■ INFORMATION:
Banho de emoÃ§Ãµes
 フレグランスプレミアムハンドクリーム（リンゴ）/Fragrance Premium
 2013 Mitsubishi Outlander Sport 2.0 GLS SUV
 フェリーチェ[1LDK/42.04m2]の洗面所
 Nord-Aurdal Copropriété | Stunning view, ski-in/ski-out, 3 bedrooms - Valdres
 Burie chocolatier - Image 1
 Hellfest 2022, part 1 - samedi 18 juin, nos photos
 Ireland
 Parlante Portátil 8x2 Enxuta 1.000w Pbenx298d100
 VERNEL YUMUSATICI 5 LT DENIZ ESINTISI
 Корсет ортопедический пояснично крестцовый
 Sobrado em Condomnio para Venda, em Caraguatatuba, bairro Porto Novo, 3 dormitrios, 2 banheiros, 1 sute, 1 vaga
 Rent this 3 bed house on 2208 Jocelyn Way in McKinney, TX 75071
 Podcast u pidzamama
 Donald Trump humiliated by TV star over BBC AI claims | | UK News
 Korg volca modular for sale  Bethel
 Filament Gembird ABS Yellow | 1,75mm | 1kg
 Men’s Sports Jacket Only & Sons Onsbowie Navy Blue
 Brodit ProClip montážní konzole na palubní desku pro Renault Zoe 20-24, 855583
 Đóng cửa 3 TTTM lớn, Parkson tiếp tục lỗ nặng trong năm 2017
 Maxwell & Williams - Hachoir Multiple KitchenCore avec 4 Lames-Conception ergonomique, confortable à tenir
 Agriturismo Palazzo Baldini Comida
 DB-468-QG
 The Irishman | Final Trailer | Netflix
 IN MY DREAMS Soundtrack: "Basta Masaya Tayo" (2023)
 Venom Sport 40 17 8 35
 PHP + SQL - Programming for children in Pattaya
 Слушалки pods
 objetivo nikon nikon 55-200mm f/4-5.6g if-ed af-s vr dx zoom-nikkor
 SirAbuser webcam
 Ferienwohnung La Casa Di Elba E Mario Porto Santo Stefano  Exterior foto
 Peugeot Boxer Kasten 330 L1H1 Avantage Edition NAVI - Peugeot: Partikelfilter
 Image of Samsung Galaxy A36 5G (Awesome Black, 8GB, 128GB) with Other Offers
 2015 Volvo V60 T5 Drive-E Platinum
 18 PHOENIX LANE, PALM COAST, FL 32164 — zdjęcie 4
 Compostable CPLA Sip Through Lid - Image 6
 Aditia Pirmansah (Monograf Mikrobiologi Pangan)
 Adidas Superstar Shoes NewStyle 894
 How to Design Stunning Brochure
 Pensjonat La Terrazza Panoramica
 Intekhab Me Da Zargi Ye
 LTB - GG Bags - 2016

■ EXERCISE: Retype, in the same exact form, the lines of the material above from the line holding "Agriturismo Palazzo Baldini Comida" through the line holding "Aditia Pirmansah (Monograf".

■ TASK RESULT:
 Agriturismo Palazzo Baldini Comida
 DB-468-QG
 The Irishman | Final Trailer | Netflix
 IN MY DREAMS Soundtrack: "Basta Masaya Tayo" (2023)
 Venom Sport 40 17 8 35
 PHP + SQL - Programming for children in Pattaya
 Слушалки pods
 objetivo nikon nikon 55-200mm f/4-5.6g if-ed af-s vr dx zoom-nikkor
 SirAbuser webcam
 Ferienwohnung La Casa Di Elba E Mario Porto Santo Stefano  Exterior foto
 Peugeot Boxer Kasten 330 L1H1 Avantage Edition NAVI - Peugeot: Partikelfilter
 Image of Samsung Galaxy A36 5G (Awesome Black, 8GB, 128GB) with Other Offers
 2015 Volvo V60 T5 Drive-E Platinum
 18 PHOENIX LANE, PALM COAST, FL 32164 — zdjęcie 4
 Compostable CPLA Sip Through Lid - Image 6
 Aditia Pirmansah (Monograf Mikrobiologi Pangan)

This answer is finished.